_PROBLEM TO WORK ON_: Below are entries. Give back exactly the lines from the one containing "LOWCROFT, KEMP ROAD, SWANLAND, NORTH" through the one containing "영암군 에너지 자립도시 정책 ‘순풍에 돛’ 달아", inclusive, without the pictures.

_SOURCE INFORMATION_:

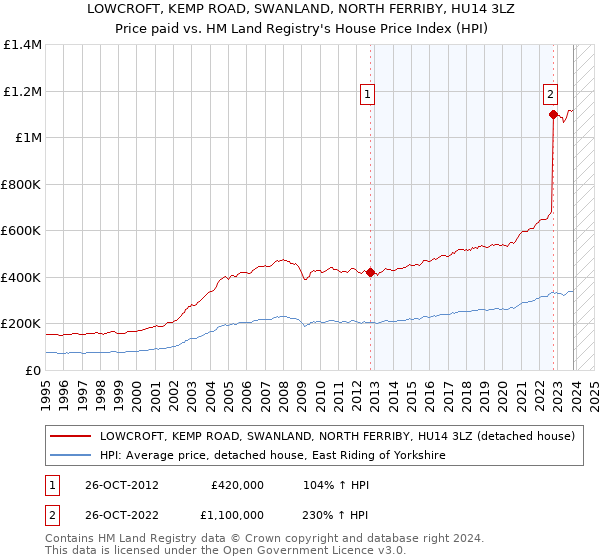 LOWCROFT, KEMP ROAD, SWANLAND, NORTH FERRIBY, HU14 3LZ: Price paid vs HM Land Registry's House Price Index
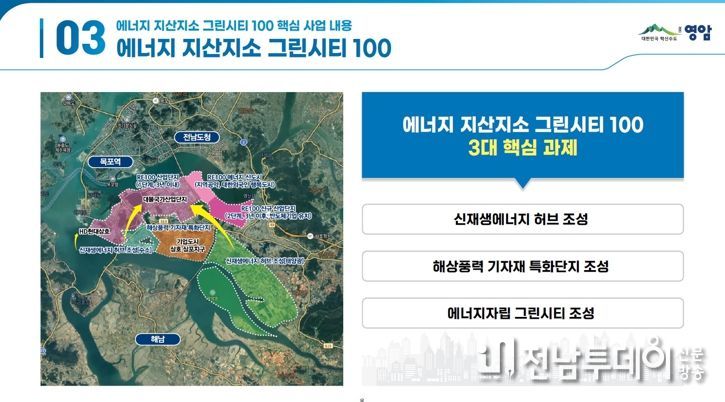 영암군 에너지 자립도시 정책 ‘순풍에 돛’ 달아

==

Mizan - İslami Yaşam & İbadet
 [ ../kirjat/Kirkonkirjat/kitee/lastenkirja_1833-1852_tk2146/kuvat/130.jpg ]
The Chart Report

_ANSWER TO THIS TASK_:
 LOWCROFT, KEMP ROAD, SWANLAND, NORTH FERRIBY, HU14 3LZ: Price paid vs HM Land Registry's House Price Index
 영암군 에너지 자립도시 정책 ‘순풍에 돛’ 달아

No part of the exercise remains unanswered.